Algunos policías tienen buen ojo a la hora de detectar delincuentes, pero si hablamos de olfato, ninguno se puede comparar con el de las unidades caninas. Los perros de la policía son los mejores a la hora de detectar drogas escondidas, y así lo ha vuelto a demostrar Mila, una perra que forma parte de la unidad canina de la Policía Municipal de Girona. Gracias a Mila, los policías han podido detener a dos jóvenes, de 25 y 26 años, con varios gramos de marihuana encima. El cuerpo policial no ha revelado a este medio la nacionalidad de los jóvenes ni si tenían antecedentes.

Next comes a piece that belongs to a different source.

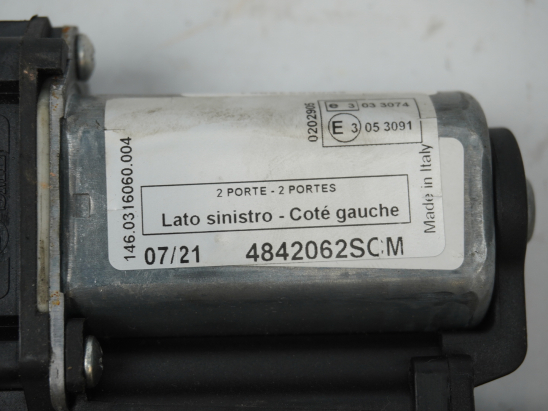 MOTEUR LEVE-VITRE AVG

Los hechos tuvieron lugar ayer, miércoles 11 de febrero, durante un control preventivo de la policía en la zona este de Girona. Hacia las cinco y media de la tarde, los agentes detuvieron un coche que se aproximaba, ocupado por dos jóvenes. Los policías los identificaron y Mila se activó, detectando un olor sospechoso. El perro se acercó al vehículo e indicó a los agentes que allí dentro llevaban alguna sustancia ilegal. Gracias al aviso de Mila, los policías pudieron localizar varias bolsas llenas de marihuana que tenían escondidas los jóvenes, por lo que se les acusó de un delito contra la salud pública por tráfico de drogas.
Eris, otro perro policía
Según explican los agentes, este tipo de operativos se han convertido en habituales para prevenir delitos y reforzar la seguridad, con el objetivo de hacer de Girona un espacio más seguro. En Blanes, en la Selva, tienen la ayuda de Eris, un perro que, con solo un año, ya ayudaba a los agentes a detectar delincuentes que llevaban drogas. Por ejemplo, durante la fiesta mayor del municipio, se pudo detener a un joven que llevaba una bola de hachís de 65 gramos, una cantidad que, en el mercado negro, podría llegar a los 500 euros. Poco después también ayudó a detener a otro hombre con quince bolsitas de marihuana encima, todo gracias a su olfato y a su entrenamiento.